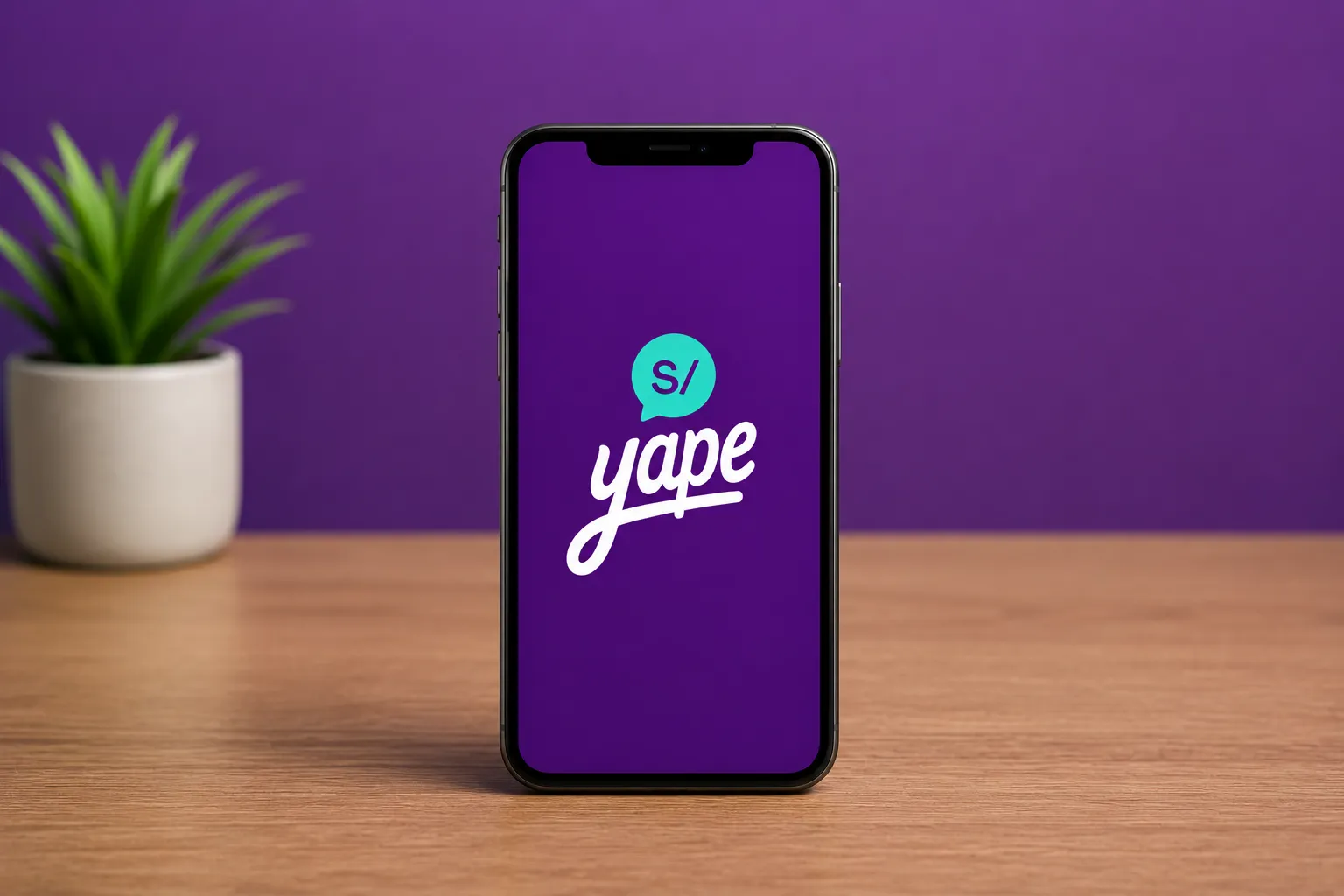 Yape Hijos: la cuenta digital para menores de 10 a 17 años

==

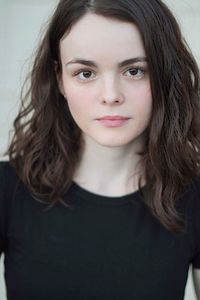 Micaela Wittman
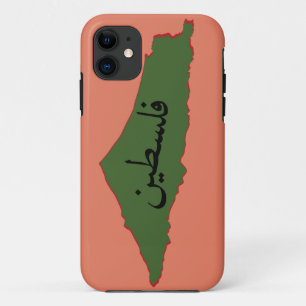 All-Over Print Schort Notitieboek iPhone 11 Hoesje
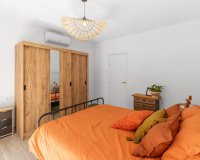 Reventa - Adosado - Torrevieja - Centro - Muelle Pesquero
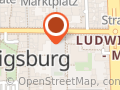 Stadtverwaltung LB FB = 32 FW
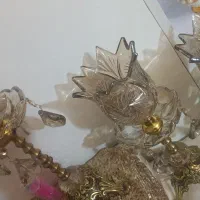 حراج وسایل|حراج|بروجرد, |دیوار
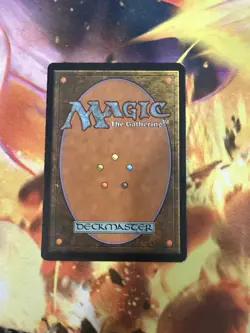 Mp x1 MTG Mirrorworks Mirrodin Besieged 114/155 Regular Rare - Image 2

→ **PROBLEM DESCRIPTION**
The lines above from the line with "Stadtverwaltung LB FB = 32 FW" through the line with "Mp x1 MTG Mirrorworks" are to be given again word for word, with no pictures among them.

→ **REPLY**
 Stadtverwaltung LB FB = 32 FW
 حراج وسایل|حراج|بروجرد, |دیوار
 Mp x1 MTG Mirrorworks Mirrodin Besieged 114/155 Regular Rare - Image 2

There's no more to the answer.